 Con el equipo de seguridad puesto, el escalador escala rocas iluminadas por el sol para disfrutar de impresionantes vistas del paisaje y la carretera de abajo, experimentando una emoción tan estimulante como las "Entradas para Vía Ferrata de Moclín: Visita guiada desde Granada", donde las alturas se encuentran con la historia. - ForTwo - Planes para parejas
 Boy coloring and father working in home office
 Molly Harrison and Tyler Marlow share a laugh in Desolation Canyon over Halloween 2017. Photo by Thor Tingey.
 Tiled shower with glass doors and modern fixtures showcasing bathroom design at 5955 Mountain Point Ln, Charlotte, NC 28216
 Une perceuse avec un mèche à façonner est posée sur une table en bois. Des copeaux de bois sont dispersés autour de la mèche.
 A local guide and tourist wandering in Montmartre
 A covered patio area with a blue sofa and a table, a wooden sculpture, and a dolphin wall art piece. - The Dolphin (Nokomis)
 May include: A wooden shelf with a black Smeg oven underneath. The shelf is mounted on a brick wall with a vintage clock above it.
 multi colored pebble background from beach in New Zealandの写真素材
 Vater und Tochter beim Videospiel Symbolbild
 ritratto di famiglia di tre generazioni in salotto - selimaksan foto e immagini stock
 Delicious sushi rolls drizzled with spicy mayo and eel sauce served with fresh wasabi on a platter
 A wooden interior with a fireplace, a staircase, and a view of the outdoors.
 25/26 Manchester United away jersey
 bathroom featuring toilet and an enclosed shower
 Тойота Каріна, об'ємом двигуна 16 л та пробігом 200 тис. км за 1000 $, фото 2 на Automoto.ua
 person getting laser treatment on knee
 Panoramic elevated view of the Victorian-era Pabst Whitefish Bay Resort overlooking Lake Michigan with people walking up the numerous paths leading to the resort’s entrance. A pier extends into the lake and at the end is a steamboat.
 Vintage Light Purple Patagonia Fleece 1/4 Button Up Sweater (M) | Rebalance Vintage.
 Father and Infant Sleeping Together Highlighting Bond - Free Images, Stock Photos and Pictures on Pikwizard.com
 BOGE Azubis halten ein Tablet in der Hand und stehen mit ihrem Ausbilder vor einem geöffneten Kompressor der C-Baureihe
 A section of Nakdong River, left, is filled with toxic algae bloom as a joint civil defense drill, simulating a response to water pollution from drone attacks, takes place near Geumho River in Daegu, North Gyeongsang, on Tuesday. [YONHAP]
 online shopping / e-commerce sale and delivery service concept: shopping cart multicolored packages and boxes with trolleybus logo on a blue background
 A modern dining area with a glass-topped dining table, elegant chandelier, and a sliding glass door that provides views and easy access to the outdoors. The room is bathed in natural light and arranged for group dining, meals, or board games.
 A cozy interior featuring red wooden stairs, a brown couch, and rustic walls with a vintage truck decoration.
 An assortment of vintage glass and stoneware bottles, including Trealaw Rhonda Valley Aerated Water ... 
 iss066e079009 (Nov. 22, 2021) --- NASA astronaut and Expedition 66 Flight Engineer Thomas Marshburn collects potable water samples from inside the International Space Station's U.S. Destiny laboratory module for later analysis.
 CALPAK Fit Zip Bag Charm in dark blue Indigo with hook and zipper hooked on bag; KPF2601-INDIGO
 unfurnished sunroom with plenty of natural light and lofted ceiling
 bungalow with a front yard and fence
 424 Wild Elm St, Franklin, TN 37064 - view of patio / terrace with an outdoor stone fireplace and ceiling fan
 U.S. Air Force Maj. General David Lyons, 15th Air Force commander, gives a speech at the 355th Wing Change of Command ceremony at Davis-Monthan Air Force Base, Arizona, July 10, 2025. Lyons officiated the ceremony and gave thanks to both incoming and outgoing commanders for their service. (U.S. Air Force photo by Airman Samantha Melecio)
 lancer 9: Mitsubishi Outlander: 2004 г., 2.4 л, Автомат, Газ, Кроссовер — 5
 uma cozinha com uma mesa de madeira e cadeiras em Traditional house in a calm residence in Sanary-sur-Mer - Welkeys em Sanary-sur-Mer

#####

Wherever "from" occurs in the records above, copy the line it sits in.

- EXERCISE RESPONSE:
 multi colored pebble background from beach in New Zealandの写真素材
 A section of Nakdong River, left, is filled with toxic algae bloom as a joint civil defense drill, simulating a response to water pollution from drone attacks, takes place near Geumho River in Daegu, North Gyeongsang, on Tuesday. [YONHAP]
 iss066e079009 (Nov. 22, 2021) --- NASA astronaut and Expedition 66 Flight Engineer Thomas Marshburn collects potable water samples from inside the International Space Station's U.S. Destiny laboratory module for later analysis.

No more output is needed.